Der Orgelbaumeister Hong Sung-hoon

2017-02-21

Der Orgelbaumeister Hong Sung-hoon stimmt die Pfeifenorgel einer Kirche in Yangpyeong, in der Provinz Gyeonggi. Diese Kirche besuchen viele Organisten, die wenig Gelegenheit haben, auf einem solchen Instrument zu spielen. Hier können sie ihr Orgelspiel verfeinern und perfektionieren.

Es ist ein Nachmittag in der Woche. Die leere Kirche scheint ausschließlich für den Organisten reserviert worden zu sein. Mit jedem Tastendruck dröhnt es aus den Orgelpfeifen, die mit ihren majestätischen Klängen das Kircheninnere erfüllen. Die Organisten lieben diese Orgel. Der Organist Han Young-tae erklärt, warum.
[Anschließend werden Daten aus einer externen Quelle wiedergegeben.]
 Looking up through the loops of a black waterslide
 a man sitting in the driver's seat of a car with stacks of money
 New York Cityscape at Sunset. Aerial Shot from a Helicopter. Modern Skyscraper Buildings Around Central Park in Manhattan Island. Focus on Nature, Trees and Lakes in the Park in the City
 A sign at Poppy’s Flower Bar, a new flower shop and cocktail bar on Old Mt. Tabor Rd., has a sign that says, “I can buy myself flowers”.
Ihr Design ist einzigartig. Kirchenorgeln in Europa sind oftmals groß und prachtvoll, fast schon überladen. Die Orgel hier erscheint dagegen bescheiden und weist überdies koreanische Merkmale auf. Sie passt hervorragend zu der Region Yangpyeong mit ihren vielen Bergen und offenen Feldern. Sie repräsentiert wunderbar diese Region.

Verantwortlich für den Bau der Orgel war Hong Sung-hoon, der einzige Orgelbaumeister in Korea. Seine Werkstatt liegt in Yangpyeong und besteht aus zwei Räumen, die 10 m hoch sind. Hong begann vor 16 Jahren damit, Pfeifenorgeln zu bauen. Er hätte sich nie träumen lassen, dass er den Vorläufer des heutigen Seoul Metropolitan Musical Theaters verlassen würde, um Orgelbauer zu werden.

Im Musical-Theater, wo ich arbeitete, gab es viele großartige Schauspieler. Ich dachte, neben diesen Stars habe ich keine Chance auf Rollen. Ich befürchtete als Statist zu enden. Echte Rollen schienen außerhalb meiner Reichweite zu liegen. Deshalb beschloss ich nach Deutschland zu gehen.

Hong war 28 Jahre alt, als er sich nach Deutschland aufmachte, um dort vielleicht klassische Gitarre zu studieren. In Münster sah er dann zufällig, wie eine Orgel gebaut wurde.

Dort studierte bereits ein koreanischer Musikstudent. Fast ein Jahr lang sagte er zu mir, ich solle es mit Orgelbau versuchen. Ich hatte keinen genauen Plan, als ich nach Deutschland ging. Ich dachte, ich könnte ja versuchen, auf diesem Wege Musik zu machen. Und so begann ich eine Ausbildung unter einem Orgelbaumeister.

Die deutsche Orgelbaugeschichte reicht mehr als 400 Jahre zurück. Die deutsche Regierung beaufsichtigt die Orgelbauausbildung, um so die besten Orgelbaumeister heranzuziehen. Sämtliche Kosten für den Orgelbau werden subventioniert und das Auswahlverfahren für die Auszubildenden ist rigoros.

Die deutsche Stadtverwaltung tat sich nicht leicht damit, dass ein Asiate sich für diese renommierte Ausbildung bewarb. Um sie umzustimmen, sagte ich, dass ich niemals in der Lage sein werde, eine Pfeifenorgel zu bauen, selbst nach der Lehre nicht. Was ich am Ende wohl könnte, wäre das Reparieren und Warten von Instrumenten, die in Asien gebaut wurden.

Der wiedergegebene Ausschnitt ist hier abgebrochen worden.